See Me Save Me, the road safety campaign founded by the family of Eilidh Cairns, the cyclist killed by a lorry as she rode to work through London’s Notting Hill three years ago, has teamed up with data mapping specialists ITO World to produce a map of cyclist and pedestrian casualties in the capital between 2000 and 2010.

Last year, ITO produced an interactive map that showed road casualty statistics across Britain during the same period. Like that map, the one produced for London is based on the Department for Transport’s Stats 19 road traffic casualty database, and shows the age and gender of the victim as well as the severity of the incident.

For the first time, the London map also distinguishes between the size of the vehicles involved, with those with a gross combination mass of over 3.5 tonnes – which includes medium and large goods vehicles – shown in darker shades than those involving smaller vehicles.

As with the previous map, the data presented should not be used to identify individuals involved in any of the incidents.

One striking feature of the map is the higher prevalence of fatalities and serious injuries among cyclists compared to pedestrians in many parts of Inner and Central London and in particular in and around the City of London and bordering boroughs such as Islington, Camden and Southwark.

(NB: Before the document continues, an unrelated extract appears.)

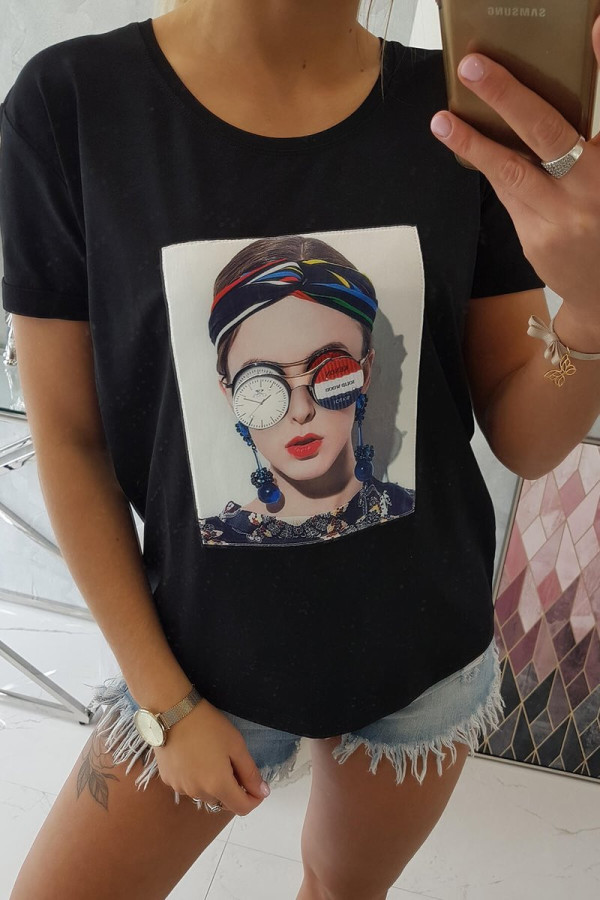 Tričko s potištěným motivem ženy v brýlích černé
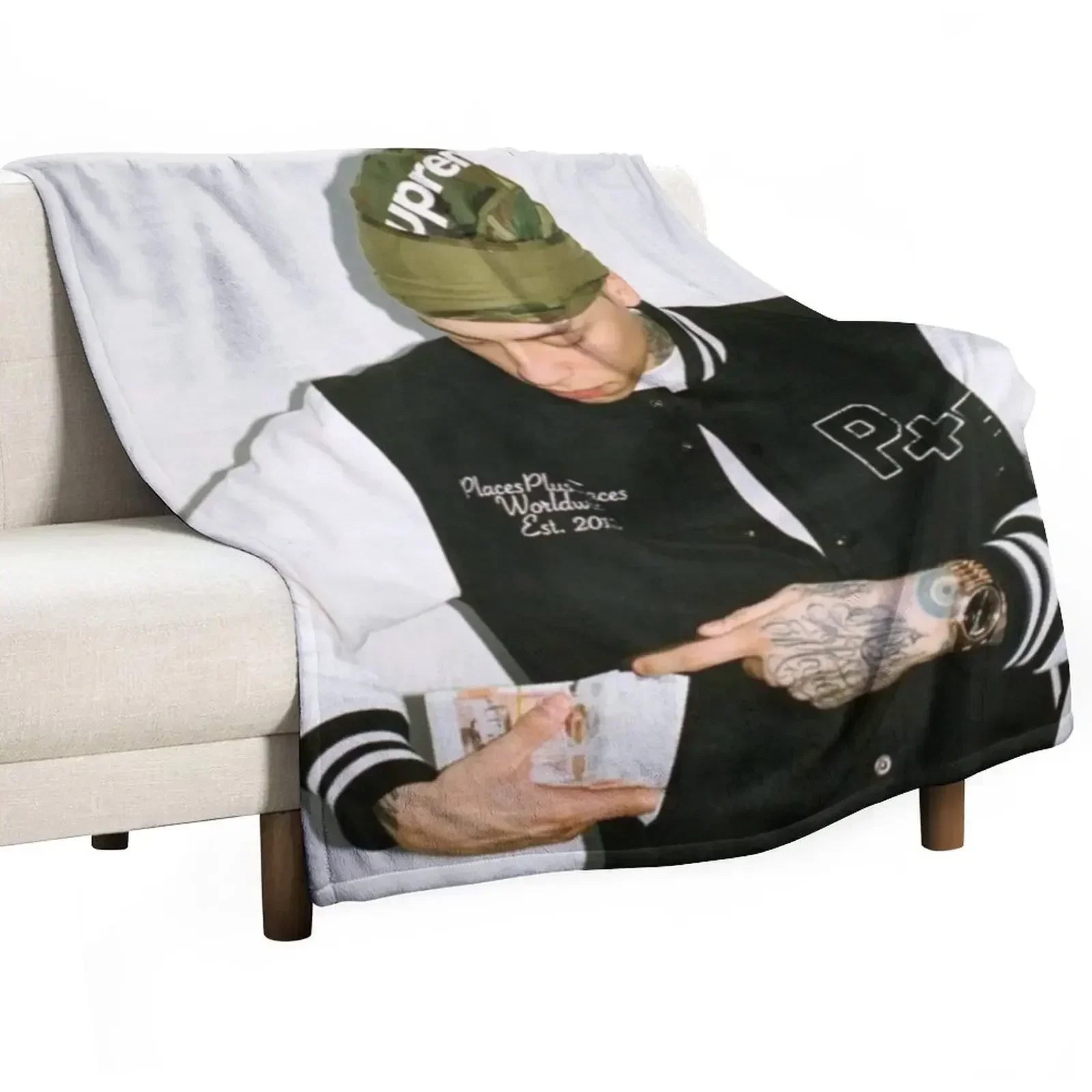 Central Cee Throw Blanket Decorative Throw Plaid Hair Picnic Kid'S Soft Blankets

When it was revealed earlier this year recently that there had not been a single cyclist fatality in Paris during 2011, the point was made by some that data from the French capital were not directly comparable to those for London, since they only covered a small, central zone; the map shows clearly, however, that it is in such a narrow-defined area that many of the cyclists who died in London over the first decade of the millennium lost their lives.